Der Stuttgarter Wissenschaftler Syn Schmitt erklärt, auf welche Weise die biomechanische Simulationsmethode den Vorfall rekonstruieren kann.   (Foto: Universität Stuttgart/Max Kovalenko)
Der Stuttgarter Wissenschaftler Syn Schmitt erklärt, auf welche Weise die biomechanische Simulationsmethode den Vorfall rekonstruieren kann.

Schmitt prüfte, ob auch ein Sturz zum Tod der alten Dame geführt haben könnte. "Es war die Aufgabe herauszufinden, ob es Anfangssituationen gibt, also stehend vor der Badewanne, sodass eine Endlage erreicht werden kann mit der Erklärung natürlicher Sturz", so Schmitt.

Fall Manfred G.: Mord oder Unfall?

Über fünf Jahre dauerte es, dann zeigte Synn Schmitt stolz das Ergebnis: eine punktgenaue Simulation des Badewannensturzes des ertrunkenen Opfers. Diese Simulation zeigte, was die Gutachter der ersten Prozesse nicht glauben wollten: Die tote Seniorin habe sehr wohl durch einen Sturz die Kopfwunden bekommen können. Mit dieser Erkenntnis lebt die Unfalltheorie wieder auf.

Außerdem konnte ein Kollege von Syn Schmitt an der Universität Stuttgart mit Hilfe eines thermodynamischen Verfahrens und der damit verbundenen Analyse der Wassertemperatur in der Badewanne G. ein Alibi verschaffen. Der Fall G. wird voraussichtlich im kommenden Jahr neu vor Gericht aufgerollt. Schon jetzt ist seine Anwältin Regina Rick überzeugt: Ihr Mandant wird freigesprochen.
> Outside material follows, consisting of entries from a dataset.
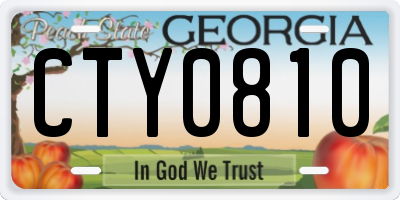 GA license plate CTY0810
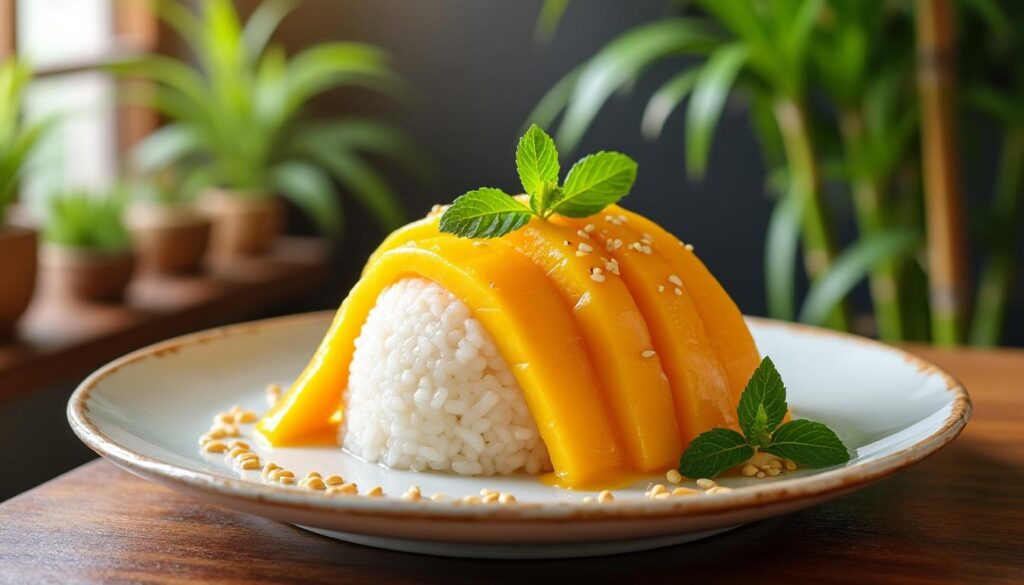 découvrez le mango sticky rice, le dessert thaïlandais incontournable alliant riz gluant, lait de coco et mangue fraîche. une douceur exotique à savourer absolument !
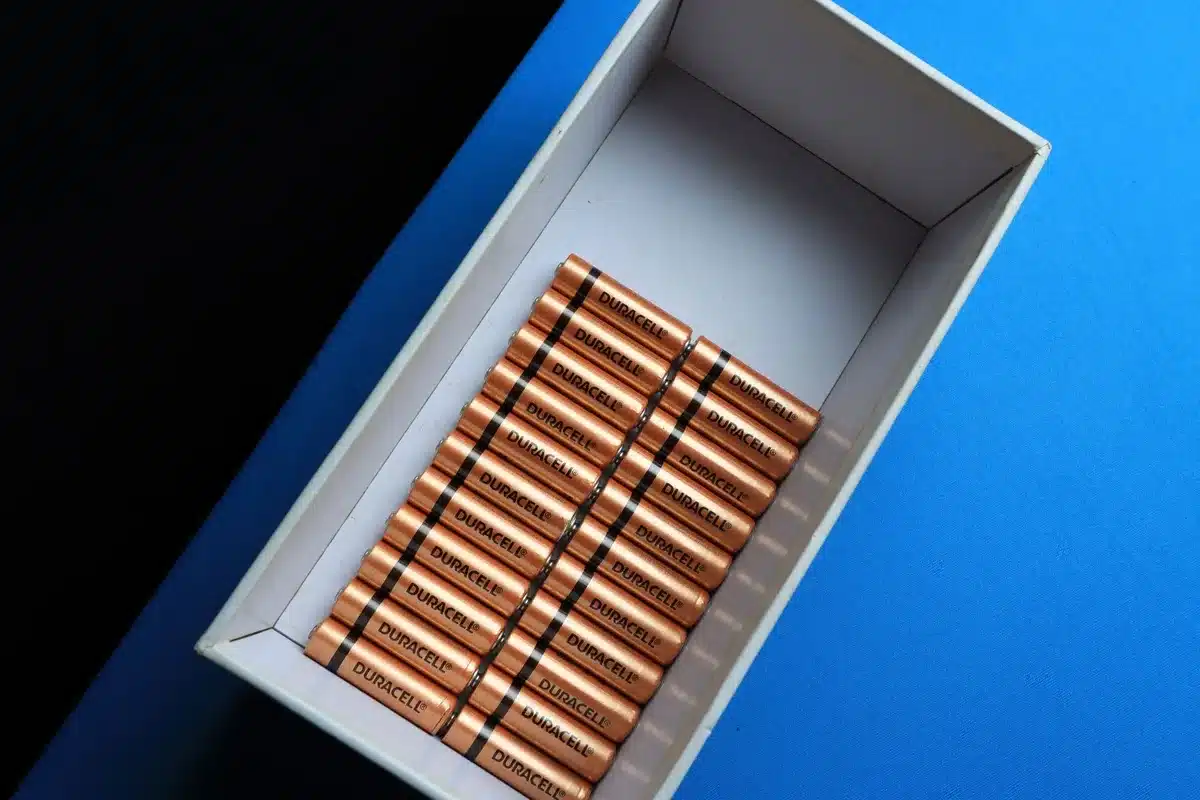 Batterie conservate in un contenitore ordinato in luogo fresco e asciutto
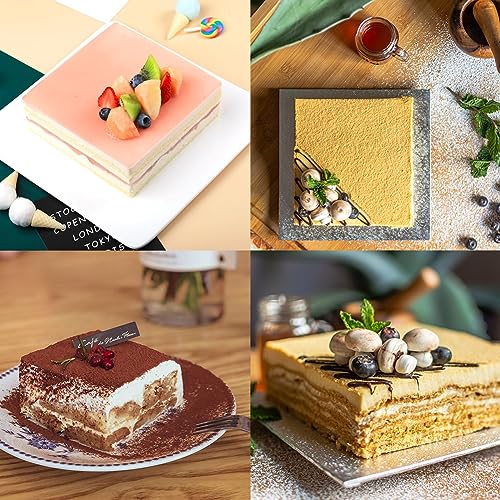 Stainless Steel Extensible Cake Ring Detachable Square Cake Mold Mousse Ring Nonstick Cheesecake Mould Pastry Shaping for Baking ((4.2-7.8) × (4.2-7.8) × 2 in)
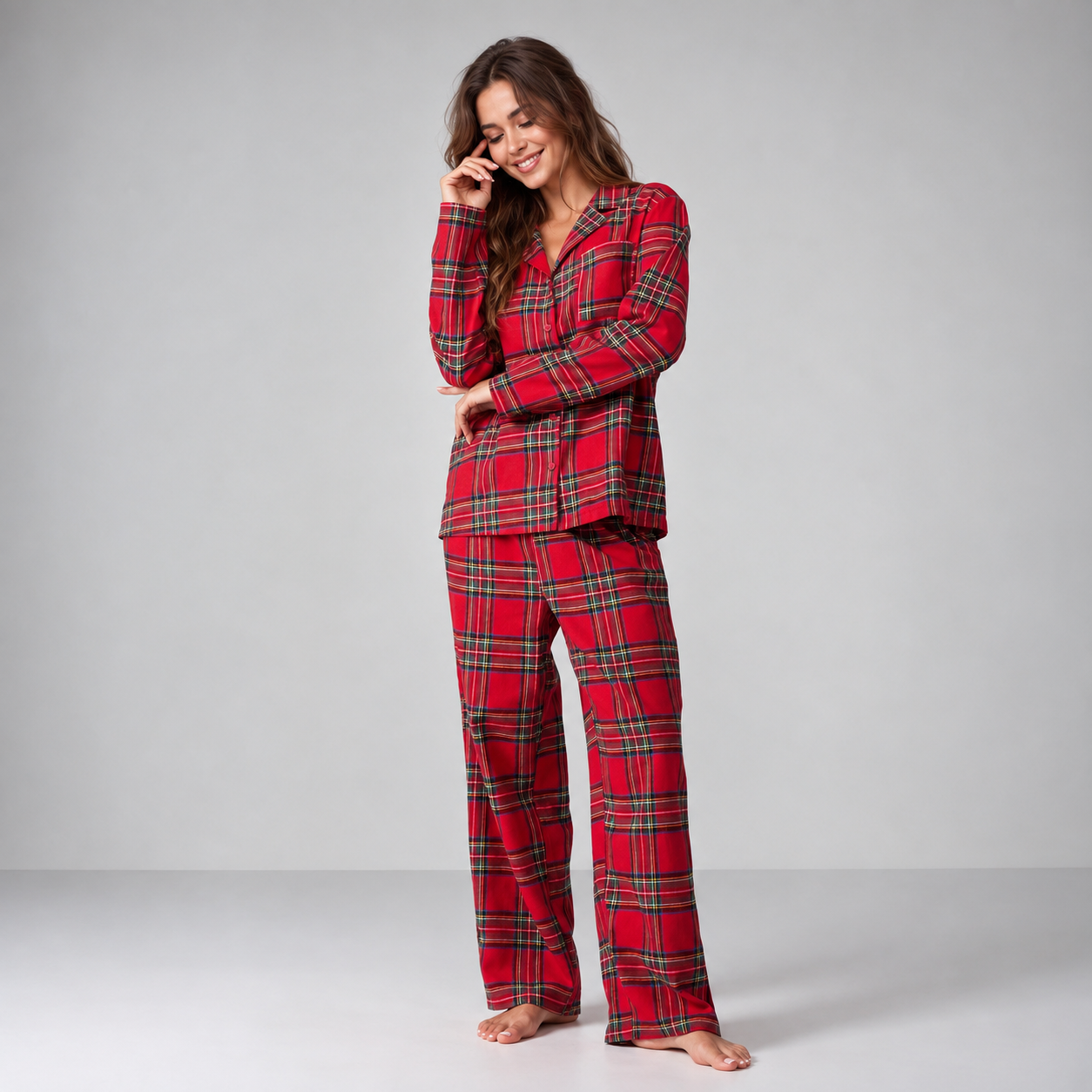 Casual Loose Long Sleeve Button Up Two Piece Matching Pajama Set For Women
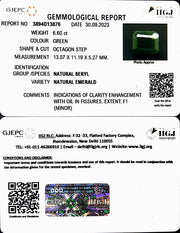 6.60/CT Natural Panna Stone with Govt. Lab Certificate (2331)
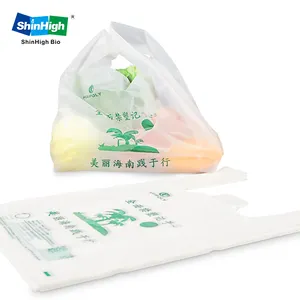 Customized LOGO biodegradable plastic supermarket t shirt shopping bag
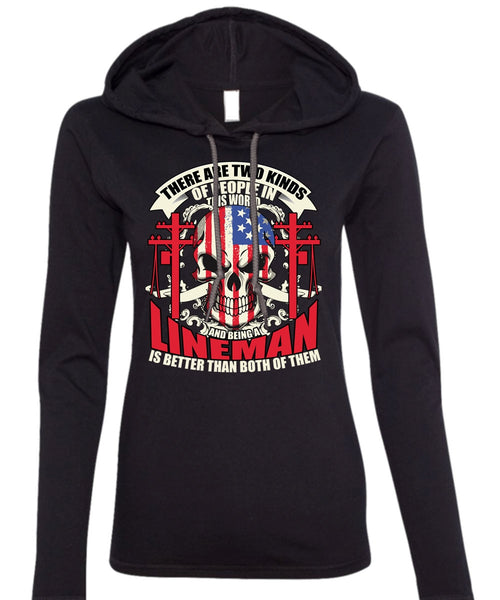 Being A Lineman T Shirt, I Love Lineman T Shirt (Anvil Ladies Ringspun Hooded)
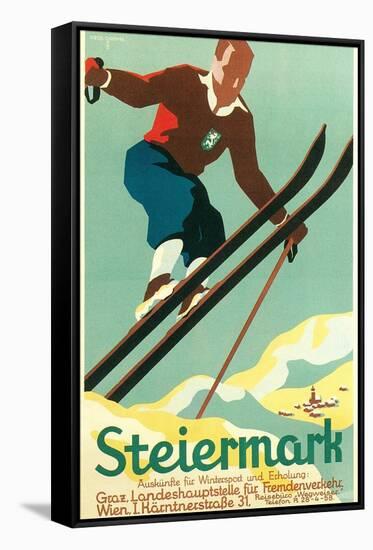 Steiermark Ski Poster-null-Framed Stretched Canvas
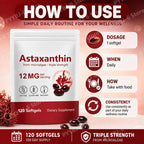 Astaxanthin Softgels Triple Strength From Microalgae Supports Healthy Aging Promotes Collagen Supports Skin Barrier 120 Softgels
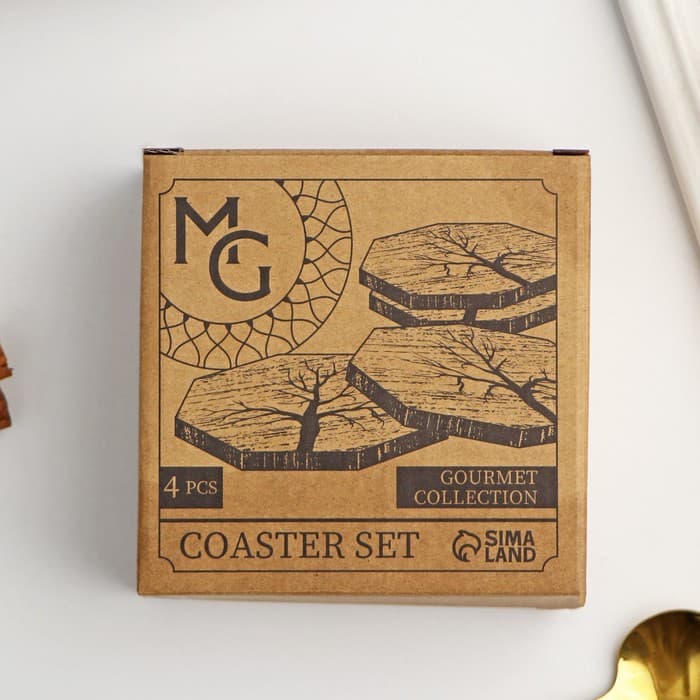 Набор подставок под кружки Magistro «Древо», под кружку, дерево, 4 шт.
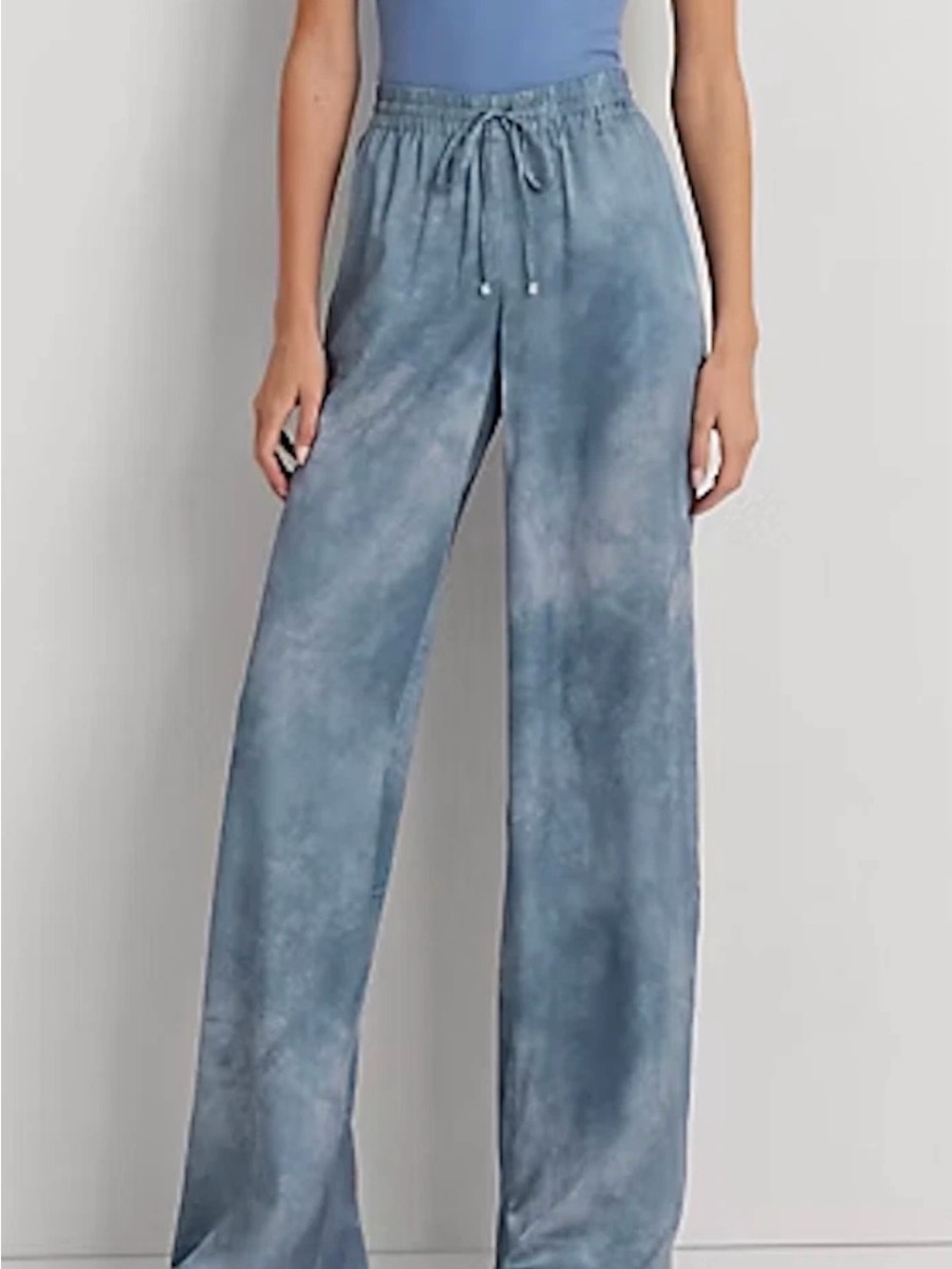 NWT Ralph Lauren Lounge Wide Leg Pants Charmeuse Blue White  Pockets Sz Med $175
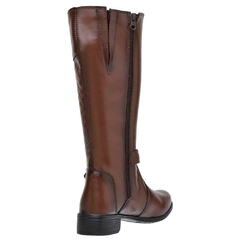 Bota Feminina Montaria Cano Alto Longo Ziper Lateral Marrom Salto Baixo Com Fivela Com Metais 229 - B&A Shoes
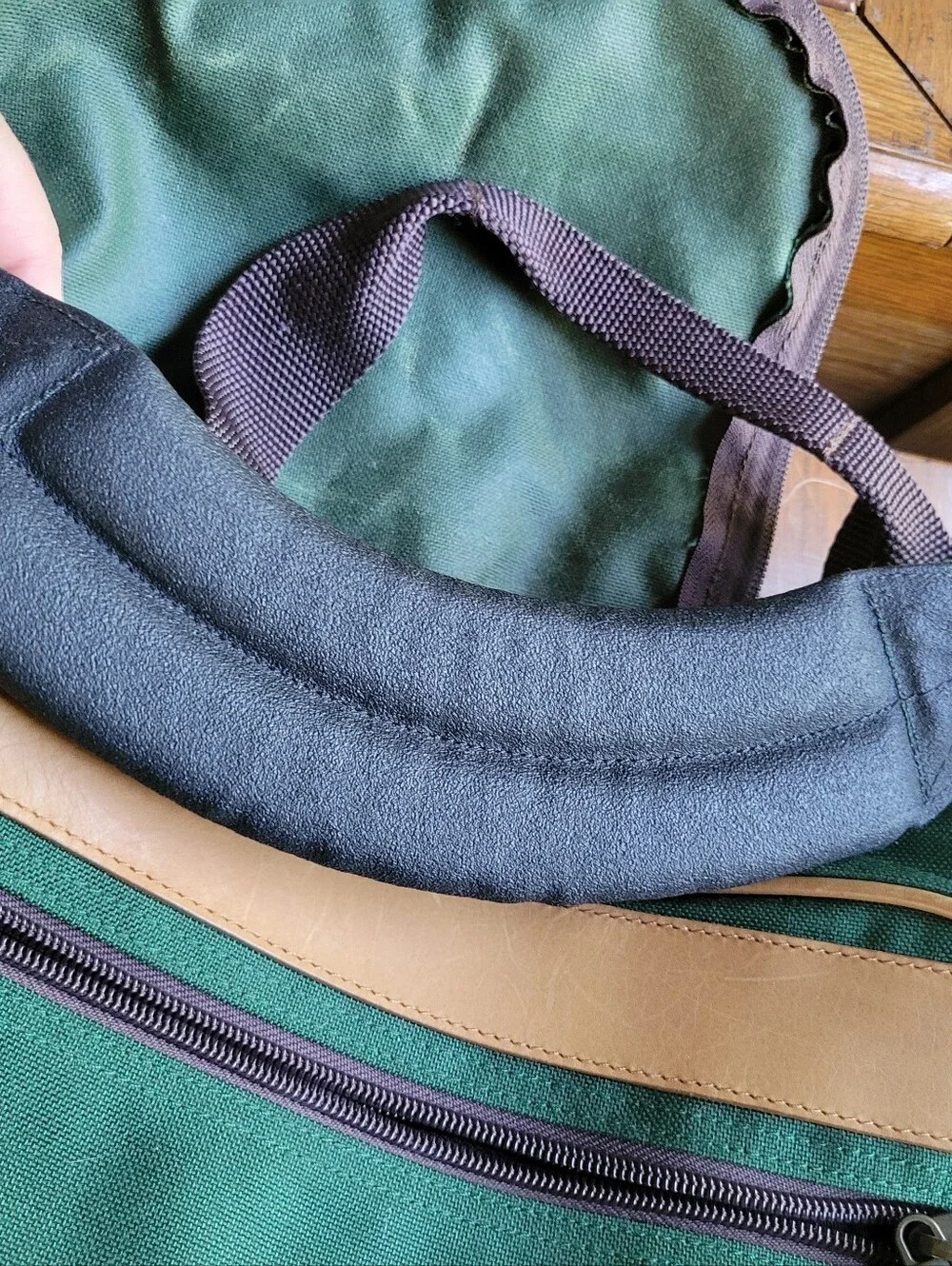 LL Bean Green/tan Nylon Lightweight Travel Tote Bag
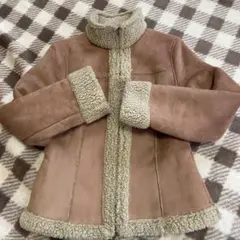 美品 フェイクレザー ボア ムートンあったか ジャケット ♪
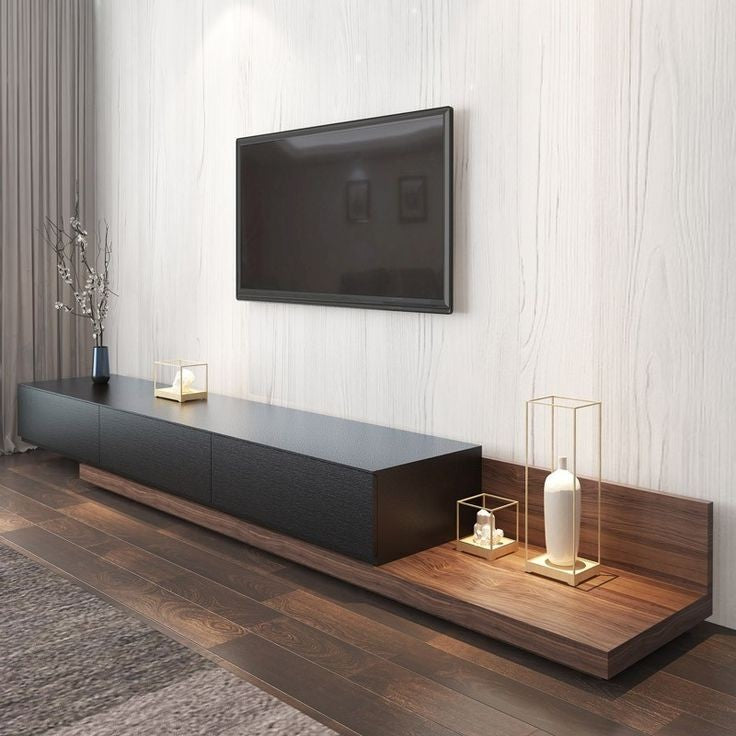 Large TV Unit – Black & Wooden, 240x40cm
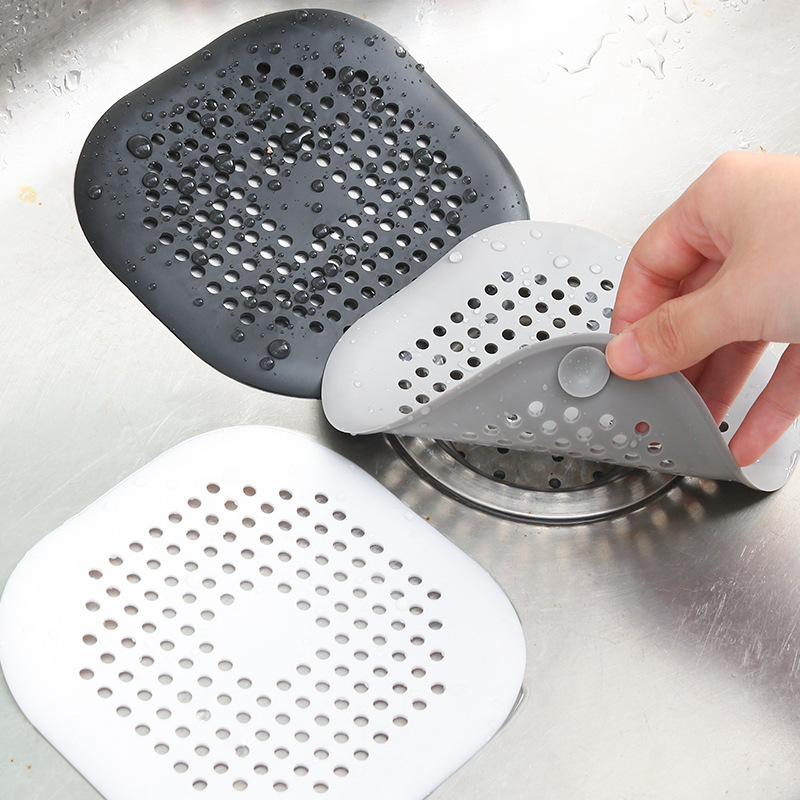 Drain Hair Catcher - Großer Silikon-Abflussaufkleber Universeller Bodenhaarfilter für Küchenspüle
Forscher der Universität Stuttgart schon für andere Fälle angefragt

Das neuartige Simulationsinstrument des Stuttgarter Wissenschaftlers Syn Schmitt setzt offenbar neue Maßstäbe in der Aufklärung von Kriminalfällen. Denn der Forscher berichtet dem SWR, er habe abgesehen vom Fall G. schon zahlreiche weitere Anfragen wegen seiner neuen Untersuchungsmethode erhalten. Der Forscher hofft, dass er mit ihr zu objektiveren Gerichtsurteilen beitragen kann.